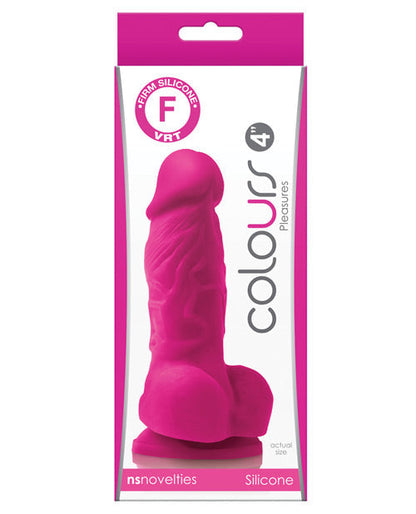 Colours Realistic Dildo | 4" Big Dildo with Balls | Pink Suction Cup Dildo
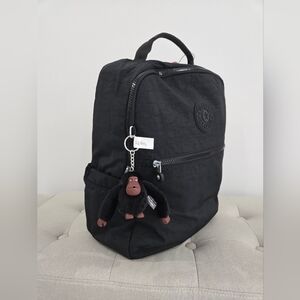 Kipling Black Backpack 15" Laptop Shelden  Keychain NEW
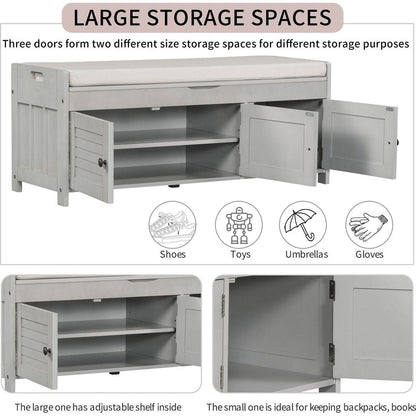 Storage Bench with 3 Shutter-shaped Doors, Shoe Bench with Removable Cushion and Hidden Storage Space (Gray Wash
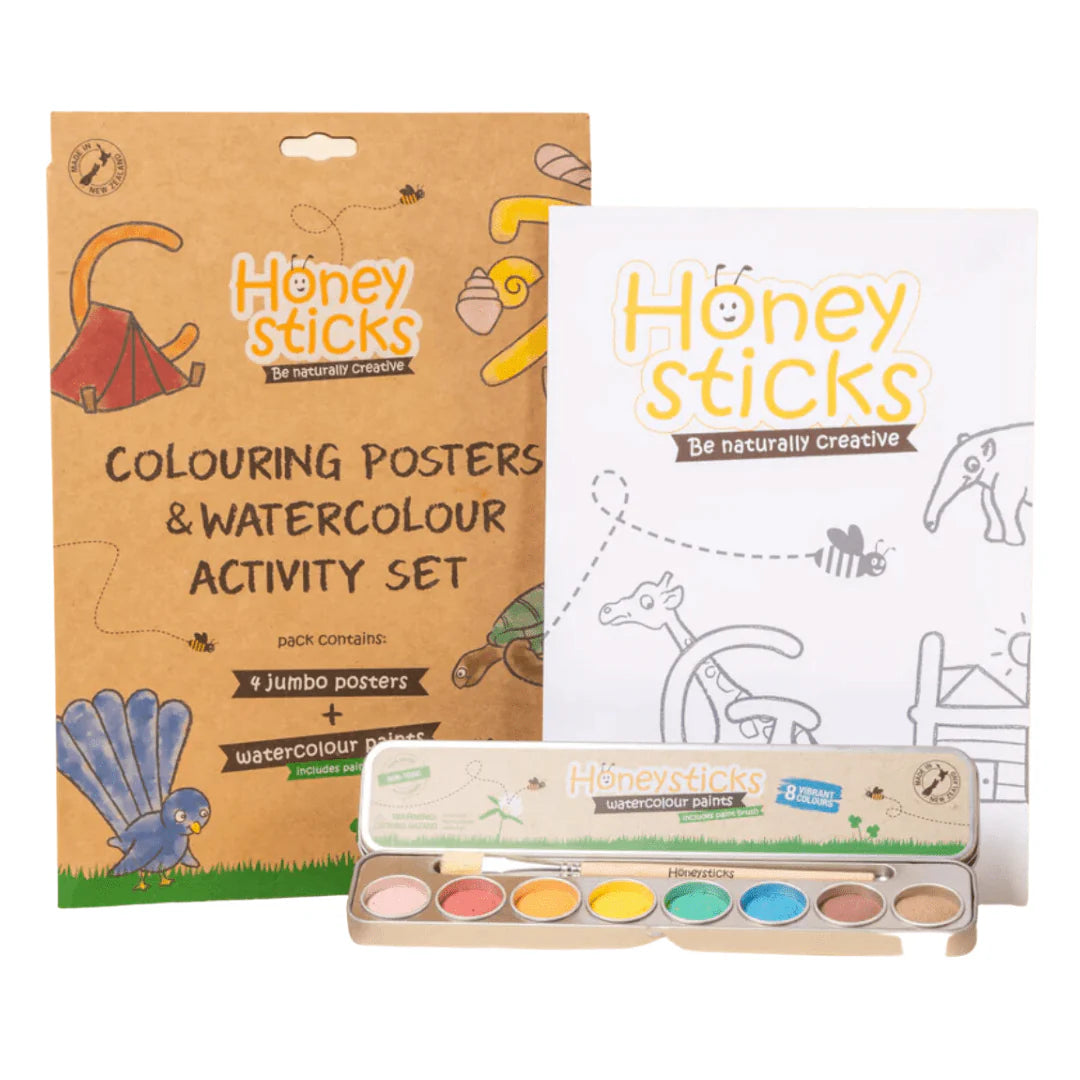 Natural Finish Wooden Educational Toys with a Music - Making Function for 3 - 5 Year OldsHoney sticks colouring posters and watercolour Activity set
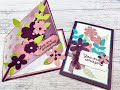 Live Sunday Crafting Triangle Easel Fun Fold Card & the Kissing Stamping technique with DonnaG!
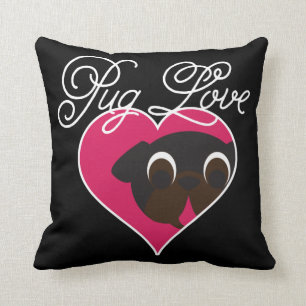 Pug Love Black Pug In Heart Throw Pillow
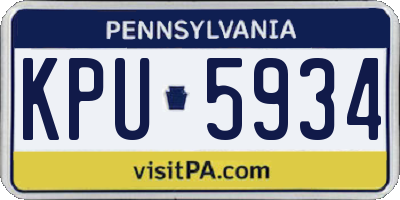 PA license plate KPU5934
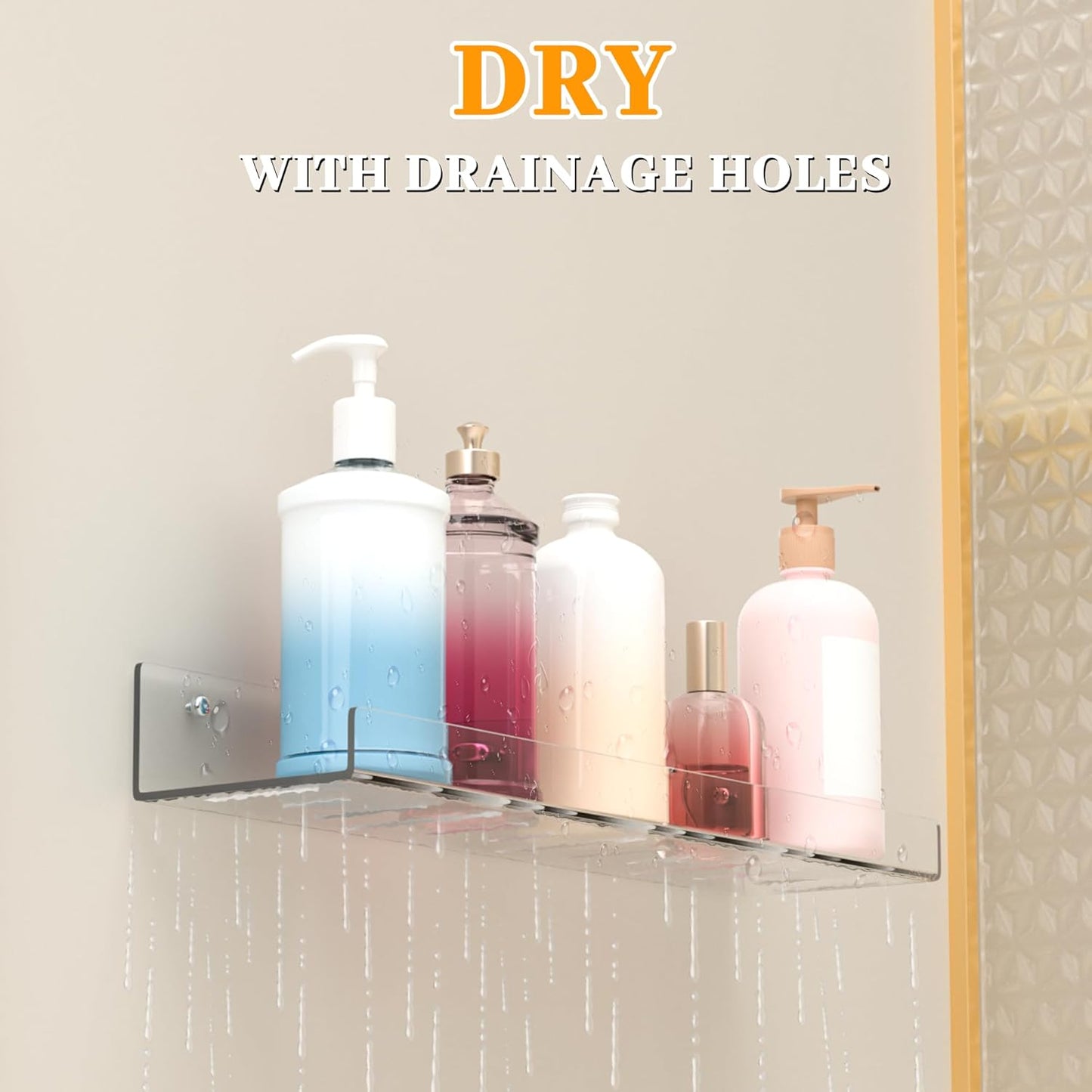 LAZYROSY Floating Shelves - Clear Acrylic Wall-Mounted No Drill Storage | 4 Pack for Bathroom, Kitchen & Living Room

= = = =

Produce an exact copy of the lines from the line with "PA license plate KPU5934" through the last line of the data above, both ends included. No pictures belong in it.

 PA license plate KPU5934
 LAZYROSY Floating Shelves - Clear Acrylic Wall-Mounted No Drill Storage | 4 Pack for Bathroom, Kitchen & Living Room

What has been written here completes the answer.